Data excerpts:

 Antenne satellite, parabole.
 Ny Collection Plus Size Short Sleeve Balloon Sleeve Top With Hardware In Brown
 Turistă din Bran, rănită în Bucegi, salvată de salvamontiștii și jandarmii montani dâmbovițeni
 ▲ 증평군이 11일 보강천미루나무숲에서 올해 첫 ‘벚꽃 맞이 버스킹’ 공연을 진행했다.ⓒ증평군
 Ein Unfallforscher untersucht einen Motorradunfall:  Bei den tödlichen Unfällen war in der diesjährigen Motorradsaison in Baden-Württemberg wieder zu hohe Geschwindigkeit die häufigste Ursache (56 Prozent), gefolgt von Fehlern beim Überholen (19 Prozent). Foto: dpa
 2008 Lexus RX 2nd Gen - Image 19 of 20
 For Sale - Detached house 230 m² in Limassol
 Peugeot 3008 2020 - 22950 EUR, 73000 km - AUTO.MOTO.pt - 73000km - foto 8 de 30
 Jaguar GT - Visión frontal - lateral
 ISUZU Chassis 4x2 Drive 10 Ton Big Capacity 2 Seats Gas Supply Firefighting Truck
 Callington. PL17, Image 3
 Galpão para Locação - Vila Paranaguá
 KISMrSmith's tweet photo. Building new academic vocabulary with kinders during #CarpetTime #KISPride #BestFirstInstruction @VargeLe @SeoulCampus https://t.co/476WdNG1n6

*What you should do*. When you find a line in the records that contains the word "Image", copy it.

*Solved exercise*.
 2008 Lexus RX 2nd Gen - Image 19 of 20
 Callington. PL17, Image 3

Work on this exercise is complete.